I know you don’t want to hear this, but it’s not *your* job to help a 31 year old man get over his gambling problem. He needs to be in a support group like gambler’s anonymous, and he needs to be working on it *himself* not putting the burden on you. 

I can see why your parents are not big fans of this man. He’s basically a load on your back that you’re carrying. Who in their right mind wants that for their kid? (I don’t know why your mother told you not to leave. That baffles me, because if I knew someone in a similar situation and she confided in me that she was about to leave, I’d be like, “Yes! Go!”)

You’ve spent six years of your life with this man, and at this point all you have to look forward to is financial uncertainty (if not outright ruin).
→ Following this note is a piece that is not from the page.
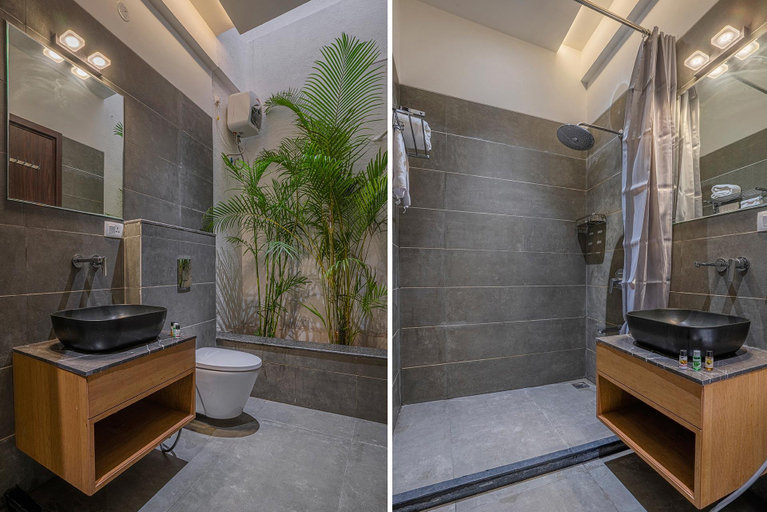 Bathroom 2, StayVista's Le Bon Horizon - Hillside Elegance, Nashik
You’re fed up to the point where you’re considering leaving. If my math is right, you met this guy when you were 18, and now you’re 24. You must’ve changed so much since then. It really doesn’t matter what your mom thinks; she doesn’t have to live with the decision. You do.

 

Post # 4
Member
1813 posts
Buzzing bee
  • Wedding: February 2012

I’m just well and truly sick of being caught in the middle. I know they’re never going to be the best of friends, and it would be stupid of me to hope for that, but I would have liked to think that their love for me would outweigh whatever ill will they have towards each other. Neither of them will even approach the other and say “look, the only one we’re hurting behaving like this is her, let’s just be civil for her sake.”
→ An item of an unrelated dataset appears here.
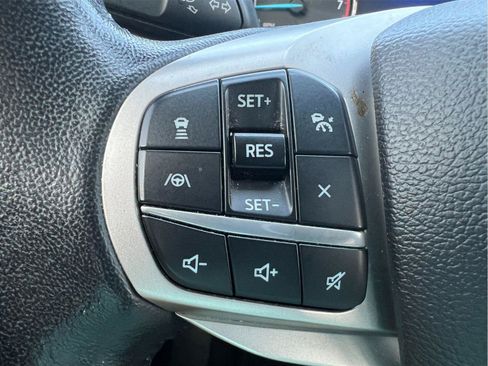 Used 2022 Ford Explorer XLT w/ Equipment Group 202A RWD image 35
Get them together, assert yourself and let rip. Tell them ALL in front of each other how this is ruining your relationship with each of them.  Tell your FI you do not appreciate the snide comments, tell your mother that you now are unable to speak to her in confidence because she finds having a one-up on FI so much more important than keeping your confidence.  I would think it’s best you find a friend to confide in instead of your mother, especially as you are aware of this hatred she has for FI.

Post # 5
Member
2106 posts
Buzzing bee
  • Wedding: September 2012

In general, a person in a committed relationship should not be sharing the details of their relationships with parents. A relationship should be between two people. Sometimes a trusted friend can offer insight, but never a parent. The parent wants what’s best for their child and will always, on some level, feel that a parent knows better than a child. You should never ever ever confide in someone (your mom) who doesn’t like the other person (your FI).

Another problem- it’s normal for your mom to scream at you/your FI? That needs to stop right now. Would you let a friend trash talk your FI without saying something? Why do you let your mom? My FI’s mother used to say negative things about me. He told her that, when she said negative things, the conversation was over and he would leave or hang up. Being married means that you always stand up for your spouse. 

Finally, what does bankruptcy mean for YOUR future? If you get legally married, how will it affect your ability to get financing, buy a home, etc? A legal marriage does not sound like a good idea right now but you know that.

Finally, he needs professional help from someone specializing with gambling. Also, he can never let his insurance lapse again. 

Post # 7
Member
3302 posts
Sugar bee

This is why you never say a bad word about your significant other to your parents and family members… because when you are done being mad at them, your family members wont be. And sorry but I side with your mother on this one. I think you are making a major mistake and I personally couldn’t support someone who is making a mistake. I would hate to be one the who has to pick up the pieces when it all falls apart when I was the one asking them not to make the mistake in the first place.

That said, this is your life- your decisions and your consequences you life with. If someone doesn’t support you and your choices, you go ahead and make them any way and live your life. Your relationship with your mom will never be as close again until you prove her wrong OR she proves you wrong… and that will be a long time from now. Keep living your life for you- not anyone else.